Há muitas formas de se escrever a história de algo ou alguém. Os historiadores têm longa tradição nesse debate, os livros Como se escreve a história, de Paul Veyne[1], A escrita da história, de Michel de Certeau[2], A escrita da história: novas perspectivas, de Peter Burke[3], são apenas os exemplos mais ao alcance e que já contam com aprovação e objeção dos pares. História da literatura, história da arte, estudos da memória e biografias se alimentam e atualizam o debate historiográfico quando incluem na equação um aprofundamento sobre categorias como narração, ponto de vista, ficção, montagem, coleção. 

Walter Benjamin ajuda a pensar a escrita da história já atravessada por noções da crítica literária, da tradução, do colecionismo de arte.

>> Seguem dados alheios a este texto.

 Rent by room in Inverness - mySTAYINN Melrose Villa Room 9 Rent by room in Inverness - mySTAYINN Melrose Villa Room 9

Pensador heterodoxo, Benjamin circulou pelas áreas e fez provocações típicas de quem desconfia do pensamento compartimentado. Suas teses Sobre o conceito de história rejeitam certo historicismo que passa a sequência dos acontecimentos pelos dedos como se faz com as contas de um rosário. A imagem é de Benjamin e ilustra bem sua recusa à história como linearidade, dogmatismo, acumulação. Em reação a esse modelo, Benjamin propõe outra forma de ver a história, como constelação saturada de tensões. Essa perspectiva “faz explodir uma época do decurso homogêneo da história; do mesmo modo como faz explodir uma vida determinada de uma época, assim também faz explodir uma obra determinada da obra de uma vida. Este procedimento consegue conservar e suprimir na obra a obra de uma vida, na obra de uma vida, a época, e na época, todo o decurso da história”[4].      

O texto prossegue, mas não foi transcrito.